▶ [TO DO]
Return the following from the records below: each line, word for word, starting with the line that contains "Tall clear glass" and going on through the line that contains "Test PrepExpress : l'efficacité", with nothing outside that range.

====== EXERCISE MATERIALS

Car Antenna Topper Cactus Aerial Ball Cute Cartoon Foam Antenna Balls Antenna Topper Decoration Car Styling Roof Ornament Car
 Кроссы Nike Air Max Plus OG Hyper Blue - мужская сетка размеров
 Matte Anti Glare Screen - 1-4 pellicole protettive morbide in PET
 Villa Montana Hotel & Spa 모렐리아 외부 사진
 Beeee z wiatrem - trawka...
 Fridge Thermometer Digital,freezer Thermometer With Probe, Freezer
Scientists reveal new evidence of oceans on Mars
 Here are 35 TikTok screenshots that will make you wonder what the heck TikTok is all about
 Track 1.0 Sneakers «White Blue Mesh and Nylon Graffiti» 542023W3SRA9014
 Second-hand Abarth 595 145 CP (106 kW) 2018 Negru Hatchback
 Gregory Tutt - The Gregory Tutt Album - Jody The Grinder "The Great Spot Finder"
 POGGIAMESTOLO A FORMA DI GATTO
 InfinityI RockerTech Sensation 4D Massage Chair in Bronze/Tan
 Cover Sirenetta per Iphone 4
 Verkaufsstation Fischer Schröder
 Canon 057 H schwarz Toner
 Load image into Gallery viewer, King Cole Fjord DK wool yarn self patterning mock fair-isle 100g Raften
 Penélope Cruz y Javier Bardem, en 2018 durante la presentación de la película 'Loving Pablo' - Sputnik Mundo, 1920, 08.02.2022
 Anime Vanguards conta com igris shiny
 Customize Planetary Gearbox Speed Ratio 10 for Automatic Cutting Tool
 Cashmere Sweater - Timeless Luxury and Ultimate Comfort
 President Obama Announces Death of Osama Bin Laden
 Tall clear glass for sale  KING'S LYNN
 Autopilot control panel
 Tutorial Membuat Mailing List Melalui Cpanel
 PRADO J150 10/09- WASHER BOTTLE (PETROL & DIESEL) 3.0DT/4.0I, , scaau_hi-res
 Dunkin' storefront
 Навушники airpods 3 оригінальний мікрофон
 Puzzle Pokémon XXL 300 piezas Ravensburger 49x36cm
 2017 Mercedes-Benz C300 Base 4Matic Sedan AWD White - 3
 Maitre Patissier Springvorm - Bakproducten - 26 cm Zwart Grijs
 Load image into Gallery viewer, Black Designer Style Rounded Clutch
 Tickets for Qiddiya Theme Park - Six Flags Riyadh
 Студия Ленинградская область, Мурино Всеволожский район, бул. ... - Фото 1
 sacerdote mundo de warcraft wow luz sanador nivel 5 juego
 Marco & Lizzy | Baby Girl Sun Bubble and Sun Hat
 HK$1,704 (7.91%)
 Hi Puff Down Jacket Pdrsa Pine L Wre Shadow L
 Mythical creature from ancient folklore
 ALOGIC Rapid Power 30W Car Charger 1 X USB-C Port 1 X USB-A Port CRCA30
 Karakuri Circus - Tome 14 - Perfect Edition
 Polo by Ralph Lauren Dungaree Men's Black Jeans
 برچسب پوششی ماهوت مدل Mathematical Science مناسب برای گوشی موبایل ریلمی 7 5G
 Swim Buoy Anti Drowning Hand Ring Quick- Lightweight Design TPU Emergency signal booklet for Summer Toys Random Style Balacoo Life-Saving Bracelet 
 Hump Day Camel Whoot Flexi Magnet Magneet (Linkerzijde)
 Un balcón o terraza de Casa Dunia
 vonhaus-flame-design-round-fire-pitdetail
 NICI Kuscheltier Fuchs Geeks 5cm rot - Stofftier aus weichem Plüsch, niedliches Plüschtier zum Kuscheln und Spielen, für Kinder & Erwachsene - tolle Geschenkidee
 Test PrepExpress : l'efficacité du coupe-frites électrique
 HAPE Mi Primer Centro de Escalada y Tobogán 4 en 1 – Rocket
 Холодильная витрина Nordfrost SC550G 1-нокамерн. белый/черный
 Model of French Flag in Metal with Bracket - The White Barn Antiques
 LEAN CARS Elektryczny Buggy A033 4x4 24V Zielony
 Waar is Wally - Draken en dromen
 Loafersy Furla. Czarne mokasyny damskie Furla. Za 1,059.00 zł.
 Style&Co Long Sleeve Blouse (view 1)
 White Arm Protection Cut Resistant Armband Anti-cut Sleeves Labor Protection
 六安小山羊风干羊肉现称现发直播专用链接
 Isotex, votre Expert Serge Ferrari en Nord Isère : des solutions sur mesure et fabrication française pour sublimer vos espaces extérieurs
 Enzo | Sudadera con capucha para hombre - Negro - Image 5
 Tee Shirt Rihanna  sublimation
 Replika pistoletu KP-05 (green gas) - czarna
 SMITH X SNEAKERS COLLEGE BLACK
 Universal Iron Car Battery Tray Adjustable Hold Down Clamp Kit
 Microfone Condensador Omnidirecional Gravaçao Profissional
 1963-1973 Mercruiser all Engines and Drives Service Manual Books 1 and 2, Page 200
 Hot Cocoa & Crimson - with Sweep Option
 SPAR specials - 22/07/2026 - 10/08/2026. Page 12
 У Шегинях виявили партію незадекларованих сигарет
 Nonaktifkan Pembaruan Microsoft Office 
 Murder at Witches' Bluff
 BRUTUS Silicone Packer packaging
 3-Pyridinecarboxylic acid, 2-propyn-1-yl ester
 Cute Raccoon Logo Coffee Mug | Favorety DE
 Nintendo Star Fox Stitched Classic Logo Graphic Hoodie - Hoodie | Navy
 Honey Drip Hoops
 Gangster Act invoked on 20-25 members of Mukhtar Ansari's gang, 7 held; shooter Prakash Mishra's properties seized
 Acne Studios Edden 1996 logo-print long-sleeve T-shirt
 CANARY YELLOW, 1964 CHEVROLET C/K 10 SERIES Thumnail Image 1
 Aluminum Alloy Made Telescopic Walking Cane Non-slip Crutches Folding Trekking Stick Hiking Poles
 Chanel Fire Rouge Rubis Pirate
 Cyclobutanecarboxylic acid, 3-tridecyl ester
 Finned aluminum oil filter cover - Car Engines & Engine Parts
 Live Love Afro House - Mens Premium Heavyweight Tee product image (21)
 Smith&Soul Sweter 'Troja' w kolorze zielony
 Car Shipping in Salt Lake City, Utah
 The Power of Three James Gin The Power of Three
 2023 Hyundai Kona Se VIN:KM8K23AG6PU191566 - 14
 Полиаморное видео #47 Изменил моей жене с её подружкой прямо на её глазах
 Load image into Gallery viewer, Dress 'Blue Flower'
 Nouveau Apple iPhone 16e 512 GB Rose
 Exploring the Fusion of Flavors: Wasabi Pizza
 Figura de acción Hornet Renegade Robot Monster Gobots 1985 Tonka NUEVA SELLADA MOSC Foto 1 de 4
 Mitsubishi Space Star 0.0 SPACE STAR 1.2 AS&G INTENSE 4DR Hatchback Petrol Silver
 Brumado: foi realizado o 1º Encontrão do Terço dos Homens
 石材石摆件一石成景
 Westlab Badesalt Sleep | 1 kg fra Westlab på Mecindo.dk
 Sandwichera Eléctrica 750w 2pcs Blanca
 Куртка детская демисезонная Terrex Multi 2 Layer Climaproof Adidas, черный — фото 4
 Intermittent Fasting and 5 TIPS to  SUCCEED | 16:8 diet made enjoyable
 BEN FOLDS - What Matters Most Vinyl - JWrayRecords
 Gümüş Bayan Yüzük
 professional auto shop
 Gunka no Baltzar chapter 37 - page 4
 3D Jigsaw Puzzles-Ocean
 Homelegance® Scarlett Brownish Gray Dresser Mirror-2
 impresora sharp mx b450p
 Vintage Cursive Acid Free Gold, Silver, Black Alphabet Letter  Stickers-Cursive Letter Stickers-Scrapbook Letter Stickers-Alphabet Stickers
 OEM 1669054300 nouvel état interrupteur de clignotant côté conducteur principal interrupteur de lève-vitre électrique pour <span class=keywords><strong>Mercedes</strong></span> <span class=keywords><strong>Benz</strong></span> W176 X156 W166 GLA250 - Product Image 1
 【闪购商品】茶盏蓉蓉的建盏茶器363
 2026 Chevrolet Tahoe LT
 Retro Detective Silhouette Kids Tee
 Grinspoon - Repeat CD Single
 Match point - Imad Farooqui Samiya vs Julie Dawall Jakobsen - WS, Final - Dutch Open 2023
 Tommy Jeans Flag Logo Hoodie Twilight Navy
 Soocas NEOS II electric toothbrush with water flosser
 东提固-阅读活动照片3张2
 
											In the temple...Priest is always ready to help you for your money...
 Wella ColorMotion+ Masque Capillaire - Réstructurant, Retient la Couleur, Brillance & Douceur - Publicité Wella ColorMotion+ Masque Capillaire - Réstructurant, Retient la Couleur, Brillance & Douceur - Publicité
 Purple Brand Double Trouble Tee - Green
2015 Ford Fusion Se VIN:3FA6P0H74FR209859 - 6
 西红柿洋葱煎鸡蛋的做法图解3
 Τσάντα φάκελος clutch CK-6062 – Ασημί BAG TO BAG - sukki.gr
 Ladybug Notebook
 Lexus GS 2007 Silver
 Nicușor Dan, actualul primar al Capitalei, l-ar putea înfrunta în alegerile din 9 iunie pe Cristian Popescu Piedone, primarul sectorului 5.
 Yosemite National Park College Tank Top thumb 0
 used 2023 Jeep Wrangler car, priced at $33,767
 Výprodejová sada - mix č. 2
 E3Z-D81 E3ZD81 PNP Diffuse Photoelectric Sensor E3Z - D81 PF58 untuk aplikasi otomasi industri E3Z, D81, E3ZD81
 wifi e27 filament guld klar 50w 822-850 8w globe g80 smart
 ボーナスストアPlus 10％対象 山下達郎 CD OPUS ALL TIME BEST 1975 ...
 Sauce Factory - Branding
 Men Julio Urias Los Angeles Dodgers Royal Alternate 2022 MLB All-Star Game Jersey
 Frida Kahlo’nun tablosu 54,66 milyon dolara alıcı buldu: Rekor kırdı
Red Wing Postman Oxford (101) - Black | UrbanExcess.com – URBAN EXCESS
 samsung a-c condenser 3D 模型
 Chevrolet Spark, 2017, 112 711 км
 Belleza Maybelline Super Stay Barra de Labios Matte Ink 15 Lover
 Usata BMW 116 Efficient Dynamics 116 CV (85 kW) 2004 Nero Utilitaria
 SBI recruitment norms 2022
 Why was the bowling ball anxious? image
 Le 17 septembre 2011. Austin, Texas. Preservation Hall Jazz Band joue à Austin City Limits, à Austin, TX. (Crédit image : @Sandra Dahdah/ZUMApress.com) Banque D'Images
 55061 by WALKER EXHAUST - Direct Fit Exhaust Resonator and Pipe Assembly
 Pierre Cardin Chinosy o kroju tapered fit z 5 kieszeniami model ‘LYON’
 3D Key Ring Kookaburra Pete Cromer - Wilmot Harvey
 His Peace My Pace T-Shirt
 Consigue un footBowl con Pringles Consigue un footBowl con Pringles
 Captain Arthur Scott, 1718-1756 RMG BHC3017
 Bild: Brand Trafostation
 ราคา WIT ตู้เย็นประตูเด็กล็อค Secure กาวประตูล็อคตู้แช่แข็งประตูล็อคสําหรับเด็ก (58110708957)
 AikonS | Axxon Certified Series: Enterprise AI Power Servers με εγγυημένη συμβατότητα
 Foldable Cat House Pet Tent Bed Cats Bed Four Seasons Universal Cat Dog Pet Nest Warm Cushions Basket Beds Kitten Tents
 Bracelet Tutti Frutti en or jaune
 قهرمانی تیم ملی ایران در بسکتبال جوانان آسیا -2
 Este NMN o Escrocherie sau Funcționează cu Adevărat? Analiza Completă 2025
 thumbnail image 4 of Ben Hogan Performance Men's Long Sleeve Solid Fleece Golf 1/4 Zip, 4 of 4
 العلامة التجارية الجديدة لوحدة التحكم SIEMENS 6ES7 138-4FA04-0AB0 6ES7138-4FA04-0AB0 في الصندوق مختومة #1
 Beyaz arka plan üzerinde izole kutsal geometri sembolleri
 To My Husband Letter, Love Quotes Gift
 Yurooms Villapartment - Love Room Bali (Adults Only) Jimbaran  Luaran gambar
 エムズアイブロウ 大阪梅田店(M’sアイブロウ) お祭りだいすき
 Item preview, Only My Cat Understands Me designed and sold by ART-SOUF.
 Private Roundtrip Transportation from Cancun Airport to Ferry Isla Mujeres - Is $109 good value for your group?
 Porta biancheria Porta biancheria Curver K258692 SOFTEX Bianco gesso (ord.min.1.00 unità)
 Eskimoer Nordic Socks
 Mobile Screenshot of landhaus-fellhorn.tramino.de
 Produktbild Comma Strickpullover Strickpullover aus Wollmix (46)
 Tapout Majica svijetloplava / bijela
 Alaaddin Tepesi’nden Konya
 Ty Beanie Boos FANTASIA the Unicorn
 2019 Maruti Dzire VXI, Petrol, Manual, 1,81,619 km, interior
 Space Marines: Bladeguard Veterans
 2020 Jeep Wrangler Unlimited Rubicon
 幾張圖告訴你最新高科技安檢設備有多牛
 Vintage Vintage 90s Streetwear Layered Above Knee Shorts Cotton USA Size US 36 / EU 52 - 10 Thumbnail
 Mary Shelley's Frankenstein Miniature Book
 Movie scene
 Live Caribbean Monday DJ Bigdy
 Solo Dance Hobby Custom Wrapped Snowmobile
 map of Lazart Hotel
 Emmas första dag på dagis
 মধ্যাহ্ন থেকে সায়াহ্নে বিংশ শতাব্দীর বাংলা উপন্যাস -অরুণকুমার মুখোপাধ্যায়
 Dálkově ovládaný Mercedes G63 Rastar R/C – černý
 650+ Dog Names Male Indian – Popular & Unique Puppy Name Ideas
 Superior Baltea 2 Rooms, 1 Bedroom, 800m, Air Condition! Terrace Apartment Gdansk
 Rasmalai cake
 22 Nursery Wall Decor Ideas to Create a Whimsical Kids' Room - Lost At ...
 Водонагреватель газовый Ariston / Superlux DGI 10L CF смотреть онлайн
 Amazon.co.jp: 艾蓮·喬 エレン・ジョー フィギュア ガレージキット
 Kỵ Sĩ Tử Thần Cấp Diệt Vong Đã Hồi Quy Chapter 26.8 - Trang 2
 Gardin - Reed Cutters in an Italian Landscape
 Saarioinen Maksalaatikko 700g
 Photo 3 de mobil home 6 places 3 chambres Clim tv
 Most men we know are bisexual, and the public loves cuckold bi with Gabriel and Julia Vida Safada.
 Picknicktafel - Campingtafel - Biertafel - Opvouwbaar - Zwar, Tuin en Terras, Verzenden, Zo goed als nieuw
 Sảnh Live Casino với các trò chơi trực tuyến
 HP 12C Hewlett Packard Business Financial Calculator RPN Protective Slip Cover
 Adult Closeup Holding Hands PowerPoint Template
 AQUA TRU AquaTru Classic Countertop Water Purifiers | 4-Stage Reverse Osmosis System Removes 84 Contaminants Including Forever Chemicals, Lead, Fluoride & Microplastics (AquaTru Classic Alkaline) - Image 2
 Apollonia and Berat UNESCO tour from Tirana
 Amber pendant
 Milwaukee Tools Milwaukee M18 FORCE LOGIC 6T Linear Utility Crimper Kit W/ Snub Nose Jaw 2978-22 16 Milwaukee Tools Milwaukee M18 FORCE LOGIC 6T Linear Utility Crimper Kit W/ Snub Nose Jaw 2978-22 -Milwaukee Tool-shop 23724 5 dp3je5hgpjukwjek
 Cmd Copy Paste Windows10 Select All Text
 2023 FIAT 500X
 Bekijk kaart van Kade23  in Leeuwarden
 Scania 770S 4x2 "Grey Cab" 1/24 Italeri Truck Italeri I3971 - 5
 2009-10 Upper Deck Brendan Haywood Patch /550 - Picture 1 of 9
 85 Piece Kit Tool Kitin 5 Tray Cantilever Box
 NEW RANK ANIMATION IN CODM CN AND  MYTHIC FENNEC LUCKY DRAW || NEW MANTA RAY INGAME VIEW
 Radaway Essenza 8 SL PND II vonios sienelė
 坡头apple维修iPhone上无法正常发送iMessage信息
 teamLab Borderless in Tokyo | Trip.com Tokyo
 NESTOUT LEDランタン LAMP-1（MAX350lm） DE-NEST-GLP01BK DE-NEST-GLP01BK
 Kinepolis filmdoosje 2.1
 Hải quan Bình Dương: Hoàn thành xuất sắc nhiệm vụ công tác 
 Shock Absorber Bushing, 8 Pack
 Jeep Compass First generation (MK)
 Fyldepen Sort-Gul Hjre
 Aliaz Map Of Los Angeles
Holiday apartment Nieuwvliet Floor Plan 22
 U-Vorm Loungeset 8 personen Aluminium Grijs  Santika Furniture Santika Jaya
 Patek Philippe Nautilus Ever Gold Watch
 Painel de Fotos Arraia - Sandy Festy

============

▶ [ANSWER TO THE EXERCISE]
 Tall clear glass for sale  KING'S LYNN
 Autopilot control panel
 Tutorial Membuat Mailing List Melalui Cpanel
 PRADO J150 10/09- WASHER BOTTLE (PETROL & DIESEL) 3.0DT/4.0I, , scaau_hi-res
 Dunkin' storefront
 Навушники airpods 3 оригінальний мікрофон
 Puzzle Pokémon XXL 300 piezas Ravensburger 49x36cm
 2017 Mercedes-Benz C300 Base 4Matic Sedan AWD White - 3
 Maitre Patissier Springvorm - Bakproducten - 26 cm Zwart Grijs
 Load image into Gallery viewer, Black Designer Style Rounded Clutch
 Tickets for Qiddiya Theme Park - Six Flags Riyadh
 Студия Ленинградская область, Мурино Всеволожский район, бул. ... - Фото 1
 sacerdote mundo de warcraft wow luz sanador nivel 5 juego
 Marco & Lizzy | Baby Girl Sun Bubble and Sun Hat
 HK$1,704 (7.91%)
 Hi Puff Down Jacket Pdrsa Pine L Wre Shadow L
 Mythical creature from ancient folklore
 ALOGIC Rapid Power 30W Car Charger 1 X USB-C Port 1 X USB-A Port CRCA30
 Karakuri Circus - Tome 14 - Perfect Edition
 Polo by Ralph Lauren Dungaree Men's Black Jeans
 برچسب پوششی ماهوت مدل Mathematical Science مناسب برای گوشی موبایل ریلمی 7 5G
 Swim Buoy Anti Drowning Hand Ring Quick- Lightweight Design TPU Emergency signal booklet for Summer Toys Random Style Balacoo Life-Saving Bracelet 
 Hump Day Camel Whoot Flexi Magnet Magneet (Linkerzijde)
 Un balcón o terraza de Casa Dunia
 vonhaus-flame-design-round-fire-pitdetail
 NICI Kuscheltier Fuchs Geeks 5cm rot - Stofftier aus weichem Plüsch, niedliches Plüschtier zum Kuscheln und Spielen, für Kinder & Erwachsene - tolle Geschenkidee
 Test PrepExpress : l'efficacité du coupe-frites électrique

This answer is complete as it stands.